- The Washington Times - Tuesday, March 30, 2004

Safeway and Giant grocery workers overwhelmingly approved a new labor contract yesterday, averting a strike set for today.

Under the four-year contract, they will pay more for some health care benefits and some new employees will be paid at a slightly lower rate, but workers will receive $1.25-per-hour pay raises spread over four years.

Negotiations continued until Monday, a day before yesterday’s midnight strike deadline, and were snagged primarily on who would pay for spiraling health care costs.

“The major sticking point is health care,” C. James Lowthers, president of United Food and Commercial Workers (UFCW) Local 400, said after the vote yesterday at the D.C. Armory. “You can’t solve this problem at the bargaining table.”

Giant and Safeway stores were closed from 7 a.m. to 3 p.m. yesterday during the vote. Afterward, they returned to their normal operating hours.

In the end, the potential for a disastrous strike by 28,000 grocery workers in the Washington and Baltimore areas compelled management and the workers to reach an agreement, Mr. Lowthers said.

“The companies were aware of the potential losses they could take,” he said.

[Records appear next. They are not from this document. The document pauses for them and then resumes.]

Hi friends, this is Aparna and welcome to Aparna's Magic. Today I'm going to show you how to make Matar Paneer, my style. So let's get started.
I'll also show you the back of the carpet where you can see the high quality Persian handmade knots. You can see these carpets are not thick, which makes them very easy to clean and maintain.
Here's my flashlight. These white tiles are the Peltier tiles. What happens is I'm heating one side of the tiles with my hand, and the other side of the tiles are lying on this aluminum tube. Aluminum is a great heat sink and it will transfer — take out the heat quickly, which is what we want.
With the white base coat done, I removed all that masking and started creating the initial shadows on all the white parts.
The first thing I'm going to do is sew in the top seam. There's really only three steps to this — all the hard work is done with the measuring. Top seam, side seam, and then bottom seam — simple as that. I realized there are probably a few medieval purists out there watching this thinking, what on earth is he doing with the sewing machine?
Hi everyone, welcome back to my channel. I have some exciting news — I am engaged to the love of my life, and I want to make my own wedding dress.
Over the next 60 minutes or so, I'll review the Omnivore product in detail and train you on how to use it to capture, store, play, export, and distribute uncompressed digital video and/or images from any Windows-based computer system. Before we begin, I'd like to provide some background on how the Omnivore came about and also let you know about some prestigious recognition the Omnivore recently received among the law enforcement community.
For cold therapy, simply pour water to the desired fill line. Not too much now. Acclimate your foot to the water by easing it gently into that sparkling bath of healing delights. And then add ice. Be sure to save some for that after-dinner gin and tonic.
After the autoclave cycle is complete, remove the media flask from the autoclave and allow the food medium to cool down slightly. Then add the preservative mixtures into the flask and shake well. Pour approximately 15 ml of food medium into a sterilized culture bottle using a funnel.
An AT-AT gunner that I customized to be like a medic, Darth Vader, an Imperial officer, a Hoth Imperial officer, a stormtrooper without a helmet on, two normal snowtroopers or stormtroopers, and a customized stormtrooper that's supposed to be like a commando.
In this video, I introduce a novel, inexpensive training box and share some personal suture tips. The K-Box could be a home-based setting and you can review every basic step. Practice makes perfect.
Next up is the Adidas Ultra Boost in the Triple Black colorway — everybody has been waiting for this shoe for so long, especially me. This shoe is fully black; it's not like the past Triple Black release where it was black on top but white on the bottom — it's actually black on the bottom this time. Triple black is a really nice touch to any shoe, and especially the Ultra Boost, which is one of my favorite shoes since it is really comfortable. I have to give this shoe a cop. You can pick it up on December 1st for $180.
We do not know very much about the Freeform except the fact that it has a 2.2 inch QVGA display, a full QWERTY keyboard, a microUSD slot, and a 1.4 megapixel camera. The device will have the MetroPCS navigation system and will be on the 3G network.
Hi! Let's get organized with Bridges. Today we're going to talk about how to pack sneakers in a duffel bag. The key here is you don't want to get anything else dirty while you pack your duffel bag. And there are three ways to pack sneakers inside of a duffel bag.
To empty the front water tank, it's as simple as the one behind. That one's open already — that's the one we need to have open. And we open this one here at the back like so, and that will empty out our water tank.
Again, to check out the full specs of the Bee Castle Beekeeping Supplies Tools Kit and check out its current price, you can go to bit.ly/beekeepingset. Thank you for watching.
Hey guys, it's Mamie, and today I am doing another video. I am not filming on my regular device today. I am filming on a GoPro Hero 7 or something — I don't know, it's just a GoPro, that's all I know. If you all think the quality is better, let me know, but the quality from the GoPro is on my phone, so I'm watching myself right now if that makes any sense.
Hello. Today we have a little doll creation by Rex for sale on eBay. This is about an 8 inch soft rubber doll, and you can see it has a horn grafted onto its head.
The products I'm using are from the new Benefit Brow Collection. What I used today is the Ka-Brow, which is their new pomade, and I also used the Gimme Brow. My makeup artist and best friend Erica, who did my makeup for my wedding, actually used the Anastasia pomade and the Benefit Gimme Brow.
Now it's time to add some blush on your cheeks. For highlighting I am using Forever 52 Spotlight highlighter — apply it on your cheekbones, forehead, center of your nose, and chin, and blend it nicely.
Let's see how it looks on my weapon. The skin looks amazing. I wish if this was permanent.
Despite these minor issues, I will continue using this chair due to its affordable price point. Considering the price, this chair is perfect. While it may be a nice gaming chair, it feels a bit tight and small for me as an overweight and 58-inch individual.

Safeway and two other grocery chains lost an estimated $2 billion during a 20-week strike in Southern California involving similar contract issues, according to industry analysts. It ended Feb. 29, when workers ratified a new agreement that granted them only some of their demands.

Concerns about a similar standoff overshadowed negotiations in Washington.

“I think it put pressure on the company and the workers,” Mr. Lowthers said. “I don’t think either side was interested in a repeat of what happened in Southern California.”

Said Teresa Murgin, a meat department worker at a Giant store in Clinton: “I wish we’d done better, but I guess we have to take what we can get. It beats unemployment and being on strike.”

Workers will pay a $200 deductible for health care instead of the previous $100. They will pay as much as $4,000 for nondeductible medical expenses, up from $2,500.

New employees will receive the time-and-a-half pay other workers already get for working Sundays and holidays after their fifth year of employment. They also will pay a $300 deductible for health care. The same family health-coverage benefits of experienced employees would begin for new employees after six years of service.

“The biggest gain that means the most to people is that the company will pay the full cost of benefit premiums for the next four years,” Mr. Lowthers said.

Premiums refer to the amount of money employees contribute toward health care and other benefits.

In addition, company pension contributions will increase from 15 cents per hour to 87 cents per hour.

Negotiators for Safeway Inc. and Giant Food LLC demanded wage and benefit concessions to be able to compete effectively against nonunion stores, such as Food Lion and Wal-Mart. They typically pay employees at lower rates than unionized groceries.

“The objective of these negotiations was to design ways of managing labor costs in response to the changing competitive realities of the retail food industry,” Harry Burton, chief negotiator for Giant and Safeway, said in a statement.

The votes at the D.C. Armory for Washington-area workers and the Maryland State Fairgrounds in Timonium for Baltimore-area employees were counted in rough numbers by employees standing to register their vote on the contract.

Of the roughly 7,500 Giant Food LLC workers who voted at the D.C. Armory, only about 200 stood against the agreement. Of the estimated 4,000 Safeway workers, only about a dozen stood to vote against it. All others stood in favor of the four-year contract.

Similar wide margins of approval were counted in Baltimore.

“I’m very well-satisfied with the very little that we had to give up,” said Louis Shapiro, a seafood clerk at a Giant store in Arlington. “We’re still very well paid for the industry. Nobody wins in a strike.”